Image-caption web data
**********
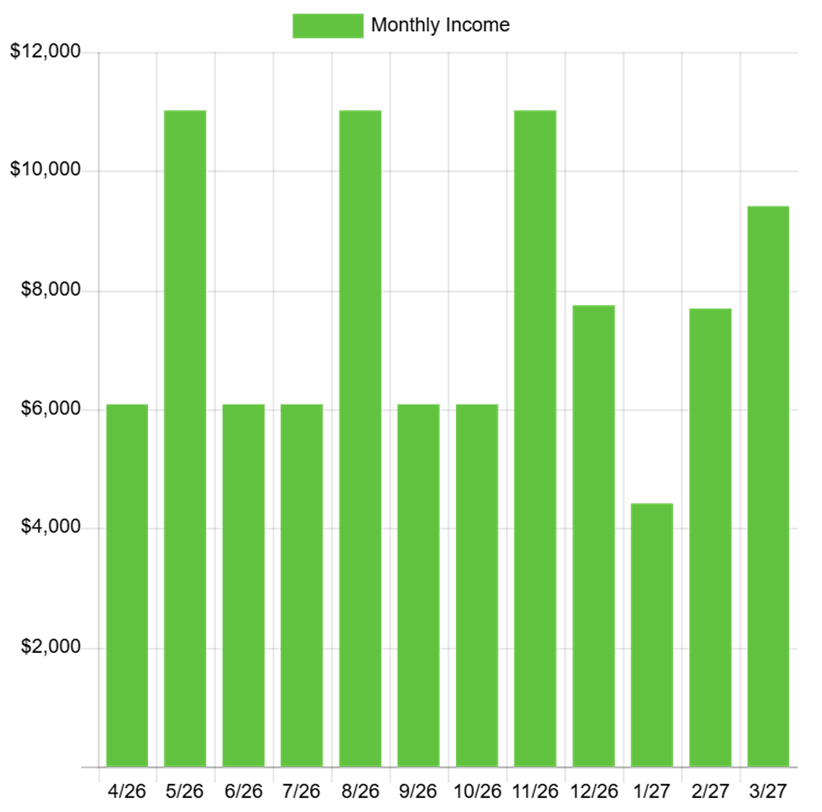 Projected dividend income by month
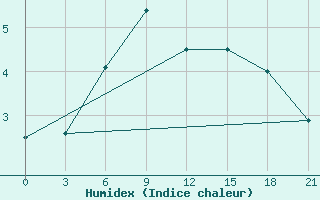 Courbe de l'humidex pour Vysnij Volocek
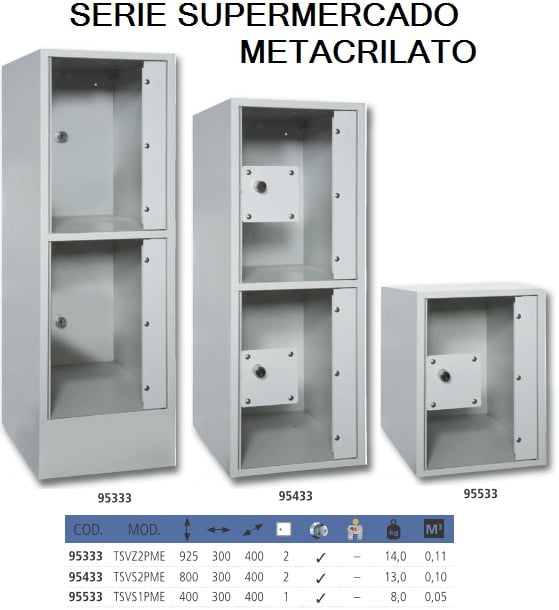 Consignas de metacrilato.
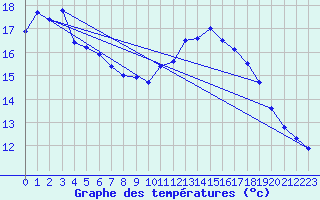 Courbe de tempratures pour Saint-Junien-la-Bregre (23)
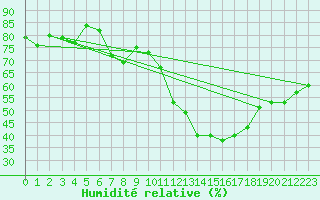 Courbe de l'humidit relative pour Sallles d'Aude (11)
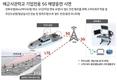 KT-해군사관학교, 5G 스마트캠퍼스 구축 MOU 체결... '스마트 네이비' 만든다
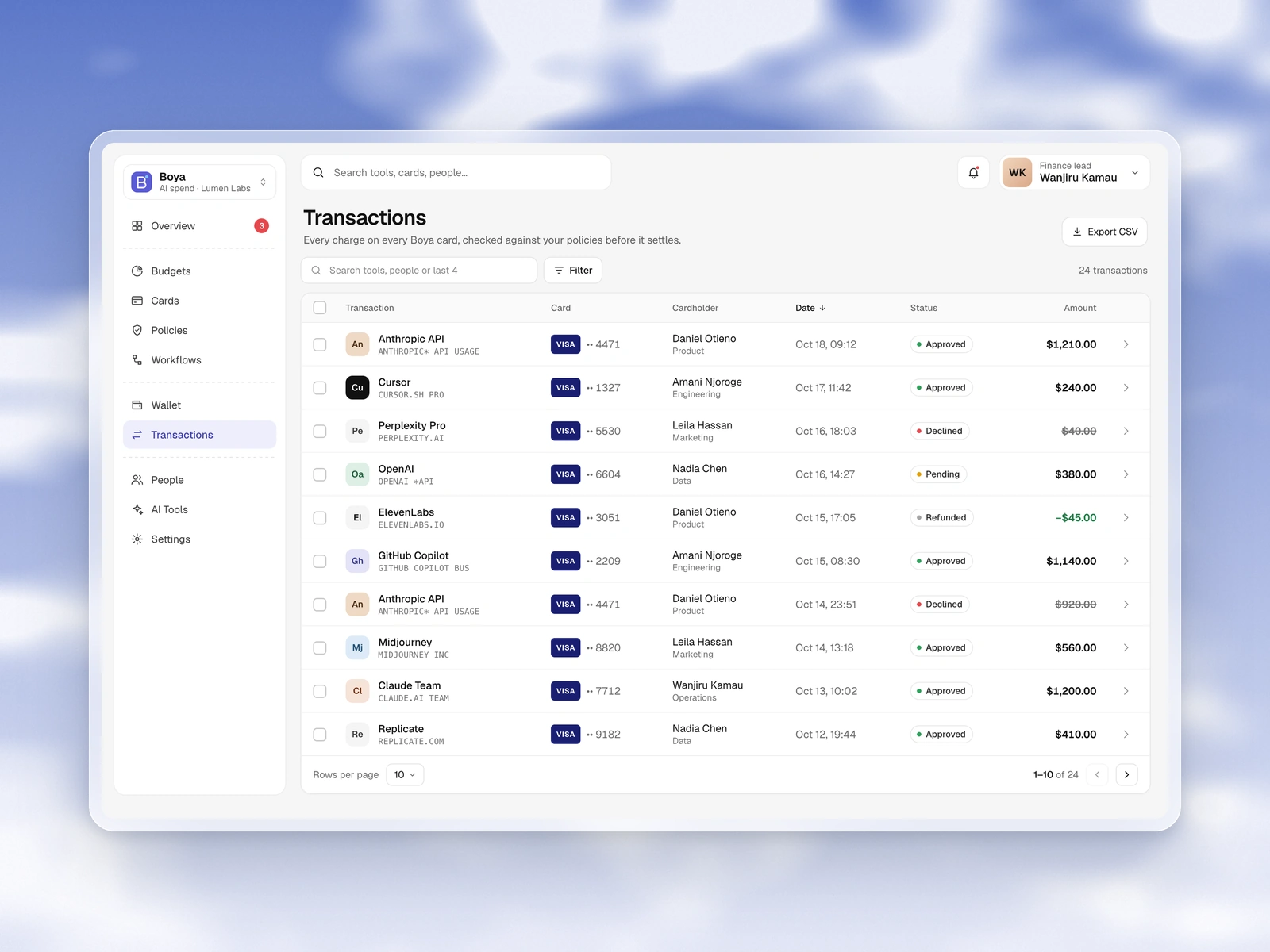 Transactions list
**********
WORK ITEM
Pictures do not belong in the copy. Repeat only the lines from the top of the records through the line containing "KT-해군사관학교, 5G 스마트캠퍼스".

ANSWER FOR THIS EXERCISE
 Projected dividend income by month
 Courbe de l'humidex pour Vysnij Volocek
 Consignas de metacrilato.
 Courbe de tempratures pour Saint-Junien-la-Bregre (23)
 Courbe de l'humidit relative pour Sallles d'Aude (11)
 KT-해군사관학교, 5G 스마트캠퍼스 구축 MOU 체결... '스마트 네이비' 만든다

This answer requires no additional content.